Wednesday, February 18, 2009

A lot about science, a little about art...

Because that's kind of the story of my life.

I get asked a lot about trying to juggle a career in science (or graduate school) while still keeping up with art as either a job or a serious hobby. So I thought I'd make a post that basically sums up my thoughts on both.

First, I am not a professional artist, and I'm not a professional scientist. Yes, I have a PhD in biology, but I don't currently work in research (and probably never will again). What I currently do is teach science to high school students and teachers. I work in science outreach at a large university, and it's a good compromise for a lazy jerk like me.

See, science and art are similar in one way (okay, probably more than one way, but I'm trying to make a point here...): you really have to love them to do either as your professional career. Really love it. Art people, you know what I'm talkin' about! It is hard to convince yourself to pick up a pencil and draw when you don't love it. And when you're your own boss, sometimes the only thing getting you moving in the morning is your own boot in your butt (that, or the fact that the rent is due). Well, science is the same way: you determine your own success. There's no 9-5 job in science. There is the constant struggle to get funding, to publish more and better science, to come up with better questions. If you don't absolutely love it, you will absolutely hate it. And you won't get far.

Let's say you're thinking of a career in science... There are two basic trajectories you can take beyond the particular subject you might be interested in studying: basic science or applied science. Don't let the name fool you - basic science rocks! This is what you do if you're working in academia: paleontologists, evolutionary biologists, botanists, theoretical physicists, virologists, ecologists, typical mad scientists, etc. Sure, you might be asking questions and doing research on subjects that some people think don't matter, but you're doing stuff that interests you. That's not to say your work won't have applications for the 'real world', they just won't generally be the main focus of your research. Basic researchers work at universities. They tend to teach a lot (depending on how many grants they have and how big they are), and they get to run a lab full of PostDocs, grad students, and undergraduates. It pays badly at first, and then very well. And there's the struggle to get tenure, which can gut-wrenching.

Applied scientists work in government labs, or in the biotech industry. I don't have much experience in this area. It pays better, generally, and sometimes it's more like a 9-5 job. But, again, I don't know much about it.

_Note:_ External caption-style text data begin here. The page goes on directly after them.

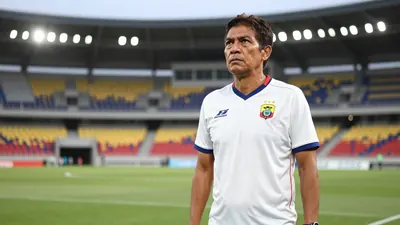 A 35-year-old Ecuadorian coach, wearing a white jersey with a blue collar, standing in the middle of the Yokohama...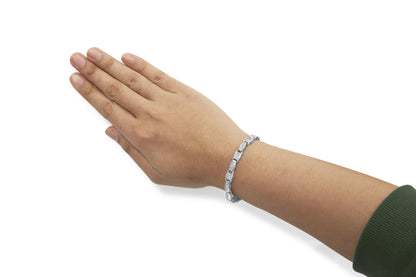 White metal bracelet with alternating rectangular links set with white round and princess shape gemstones, shown on a model's wrist at an angled top-down view.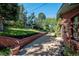 Landscaped backyard with brick retaining wall, mature trees, and a patio area at 3792 E Briarwood Ave, Centennial, CO 80122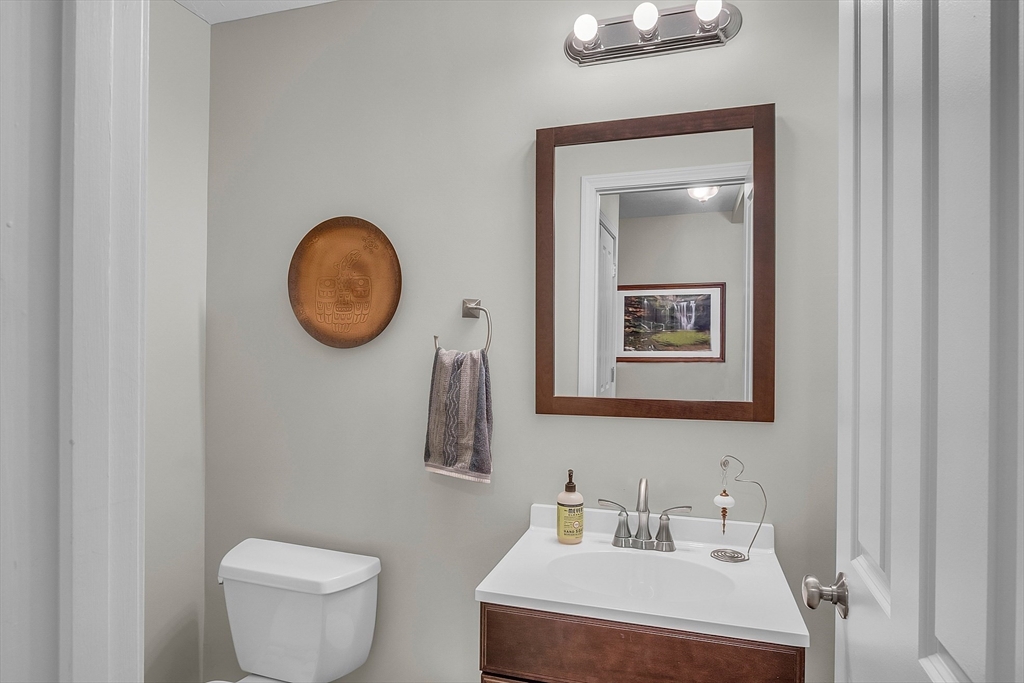 862 Reservoir Road Lunenburg, MA 01462 - Photo 16 of 37 a bathroom with a toilet and a sink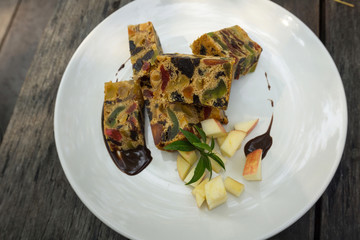delicious sliced fruit cake with mixed fruit on wooden table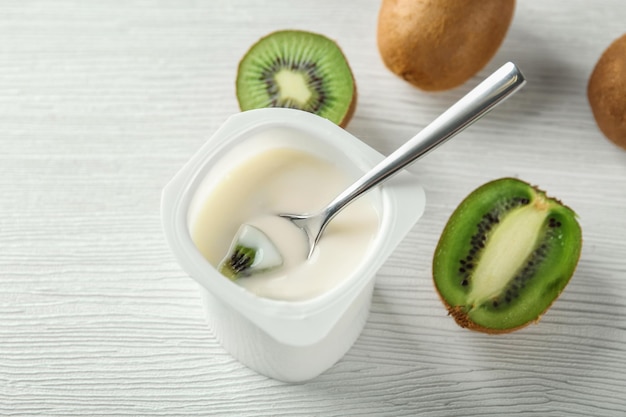 Bicchiere di plastica con yogurt kiwi squisito sulla tavola di legno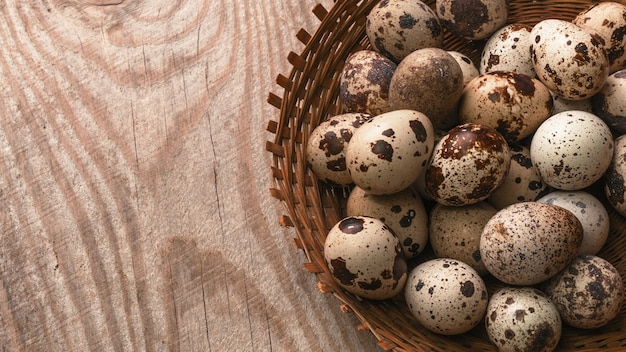 Quail eggs in wicker basket on wooden background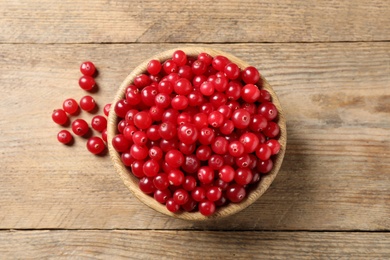 Ripe fresh cranberry on wooden table, flat lay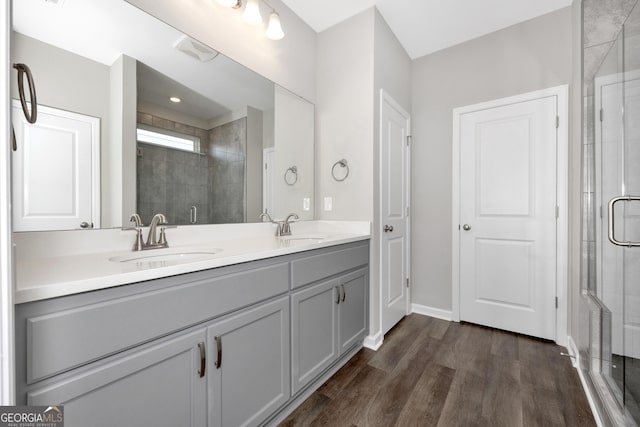 103 Gnome Ct, Perry, GA 31069 - bathroom with a stall shower, double vanity, and wood finished floors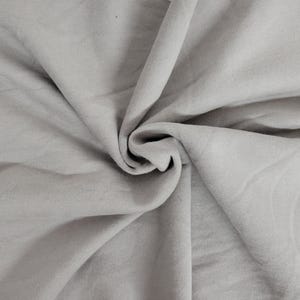 May include: A light gray fabric with a soft, matte texture, featuring deep, flowing folds and natural drapes that create a series of shadows and highlights across the surface, emphasizing the smooth, consistent color and pliable nature of the material.
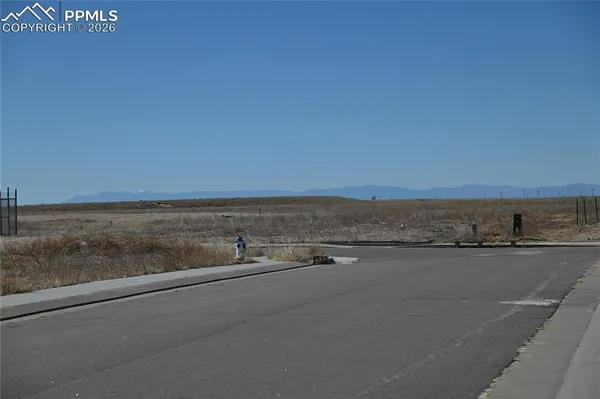 a view of front door and a yard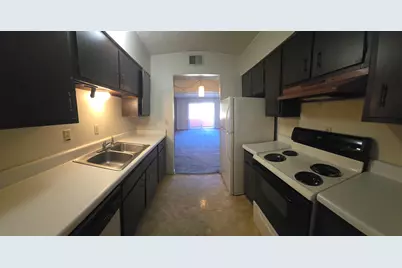 209 W Miracle Strip Parkway #UNIT A203, Mary Esther, FL 32569 - Photo 2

Either way, the path to each of these careers starts in graduate school. So what's graduate school in the sciences like? Well, it's nothing at all like your undergraduate degree. First, you will not take very many classes, which was great for me because I hate useless class work. Second, if you do take classes, they will most likely be designed for graduate students - e.g., small panel-type discussion groups. Third, you will probably teach. A lot. And you will have almost no idea what you're doing at first. Last, you are responsible for your own project (that you either come up with on your own, or get assigned to you), so you need to be prepared to manage your time. And you will need to publish your work. There's a lot of writing in grad school. Yes, even in the sciences.

So how do you get into graduate school? The most important thing to keep in mind when applying to graduate schools for the sciences is that you're not looking at a particular school so much, but a particular professor who is working on projects that you find interesting. There's some leeway, but generally you'll have more freedom as a grad student to choose your own projects if you enter a lab in a basic science department. And don't 'just apply': you've got to contact the professor, talk to him/her, visit the lab, to have the best shot. The most important thing to keep in mind when applying to graduate schools for the sciences is that you're not looking at a particular school so much, but a particular professor who is working on projects that you find interesting.

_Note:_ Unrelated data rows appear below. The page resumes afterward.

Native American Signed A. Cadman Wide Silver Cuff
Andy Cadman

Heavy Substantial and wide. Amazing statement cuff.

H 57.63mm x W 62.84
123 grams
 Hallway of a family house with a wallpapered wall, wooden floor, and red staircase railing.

Anyway, I love science and I love doing research, but I found that the grant writing and the constant competition for money and to publish and to be the best just wasn't for me. You've got to be a little insane to get really, really good in science. Maybe you have to give up a little too much of your life. I think I'm happy where I am right now. And I can still live vicariously through my husband, who's a full-time scientist.

So the art part... You will still have time to do the things that you love. I made quite a lot of (really bad) art while I was in graduate school. I think if I wanted to push myself now I could probably build a career in art. But I don't. Because I know I would face the same problems again: to get really good, you've got to give up a lot. You've got to be able to pick up that pencil and draw even when you hate the subject (or are just mildly bored by it, which could be worse). And I know I don't want to do that. Maybe that makes me a pussy (probably), but I don't care (I care a little, but not enough to do anything about it).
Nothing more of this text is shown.